# Task details
Please write out every line of the listing without alteration, but omit the images.

# Dataset content
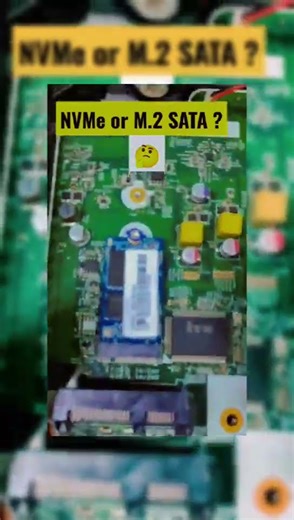 Mini Pc 😱M.2 ssd 💯Change #And service Follow my channel 🎉 likes and❣️ subscribe@irfanakhtar2062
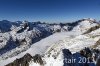 Luftaufnahme Kanton Wallis/Rhonegletscher - Foto Rhonegletscher 8032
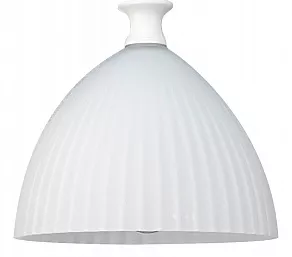 Подвесной светильник Lightstar Agola 810020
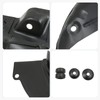 DICMIC Rear Passenger Right Side Shock Rust Repair Kit Shock
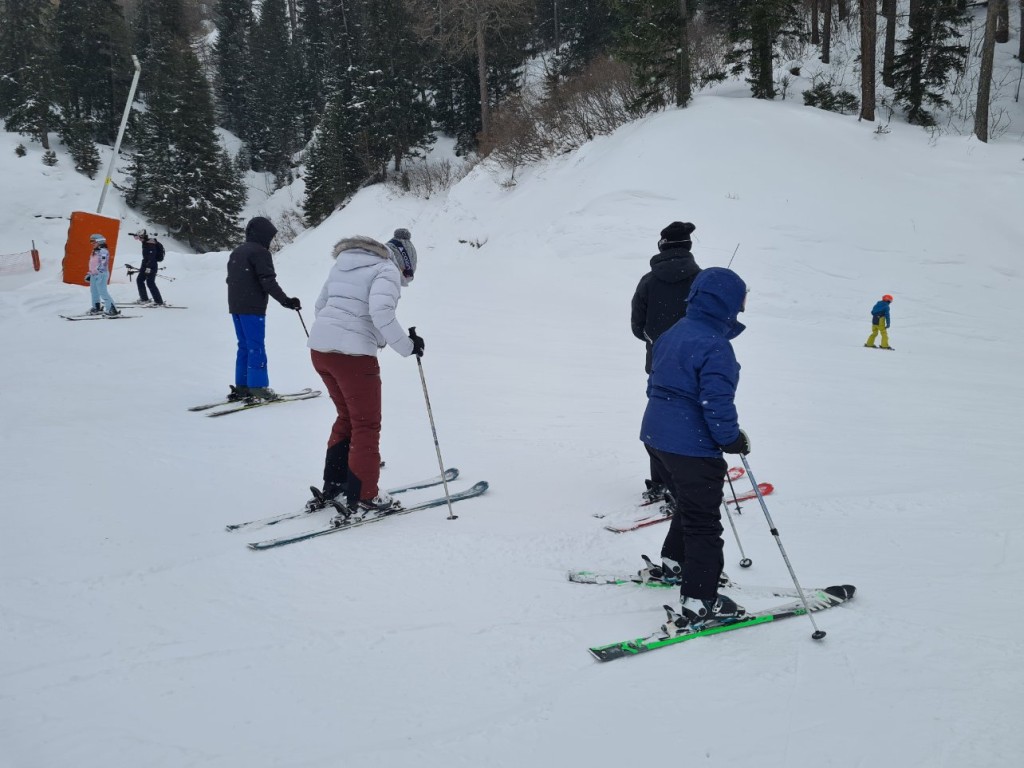 Val Cenis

# Solution to this problem
 Mini Pc 😱M.2 ssd 💯Change #And service Follow my channel 🎉 likes and❣️ subscribe@irfanakhtar2062
 Luftaufnahme Kanton Wallis/Rhonegletscher - Foto Rhonegletscher 8032
 Подвесной светильник Lightstar Agola 810020
 DICMIC Rear Passenger Right Side Shock Rust Repair Kit Shock
 Val Cenis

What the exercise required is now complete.